A 2nd Puppy could be used to delete the pupsave and replace it with a good backup copy.
Hence a "live" install was pretty safe.
b. With the new arrangement used in Quirky Unicorn, a snapshot would be saved within the Puppy filesystem.
Hence Quirky would need to be functional to be able to restore a snapshot.
Yet it's not guaranteed incorruptible.
I saw BK say somewhere that he intends to do something about this.
I wonder what?
4. I normally set up my Puppies so I have the choice "to save or not to save" session changes.
Both during the session, and at shutdown/reboot.

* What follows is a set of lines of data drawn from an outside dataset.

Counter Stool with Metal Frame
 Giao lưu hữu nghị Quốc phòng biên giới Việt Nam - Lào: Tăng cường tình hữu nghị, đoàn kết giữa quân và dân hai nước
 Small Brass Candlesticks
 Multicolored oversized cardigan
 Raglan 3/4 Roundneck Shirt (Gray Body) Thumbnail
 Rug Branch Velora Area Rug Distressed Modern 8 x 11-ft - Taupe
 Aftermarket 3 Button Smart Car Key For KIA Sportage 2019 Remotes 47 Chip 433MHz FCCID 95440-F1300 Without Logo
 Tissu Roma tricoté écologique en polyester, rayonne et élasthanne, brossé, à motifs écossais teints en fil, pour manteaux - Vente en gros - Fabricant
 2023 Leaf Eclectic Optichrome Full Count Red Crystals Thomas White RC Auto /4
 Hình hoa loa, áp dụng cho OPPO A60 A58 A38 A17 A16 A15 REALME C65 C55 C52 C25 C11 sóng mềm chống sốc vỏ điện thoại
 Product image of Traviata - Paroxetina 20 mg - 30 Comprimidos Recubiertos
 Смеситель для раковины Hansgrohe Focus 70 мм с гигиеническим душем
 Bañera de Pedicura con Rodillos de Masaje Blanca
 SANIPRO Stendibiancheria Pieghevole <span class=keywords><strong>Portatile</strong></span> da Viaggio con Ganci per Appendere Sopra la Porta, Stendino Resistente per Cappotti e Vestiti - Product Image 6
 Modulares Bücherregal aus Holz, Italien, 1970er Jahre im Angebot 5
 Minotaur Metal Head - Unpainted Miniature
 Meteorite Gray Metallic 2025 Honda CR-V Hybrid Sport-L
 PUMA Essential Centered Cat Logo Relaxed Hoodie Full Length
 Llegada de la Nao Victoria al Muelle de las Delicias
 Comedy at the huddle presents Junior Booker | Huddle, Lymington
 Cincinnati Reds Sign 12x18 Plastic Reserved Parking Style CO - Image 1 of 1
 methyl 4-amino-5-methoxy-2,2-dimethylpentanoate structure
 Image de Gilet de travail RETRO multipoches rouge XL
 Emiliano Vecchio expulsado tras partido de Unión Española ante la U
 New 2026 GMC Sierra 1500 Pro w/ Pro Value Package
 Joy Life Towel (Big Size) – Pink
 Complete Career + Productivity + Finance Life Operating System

Is there a way to do this in Quirky Unicorn?
3.
A snapshot can be restored at bootup. Quirky creates a ramdisk, with a small Linux environment, and runs from there. As long as Quirky can get the files needed to create the ramdisk, even a broken system can be rolled back.
The files needed to create the ramdisk are mostly static, that I created especially for the purpose, though in theory if any of those have been damaged or deleted then the ramdisk won't work.
Yes, the extra step that I was considering, to ensure rollback of a totally messed up installation, is to have a ramdisk image file. As long as that file still exists, the ramdisk can be created.
Oh yes, busybox will have to still be there, and working, but it is also a static executable.
4.
You are thinking in Puppy terms, but as for number 3 above, you have to know that Quirky is a conventional full installation of Linux.
There is no "pupsave" file. You are running a full install of Linux, so no option to shutdown without saving session.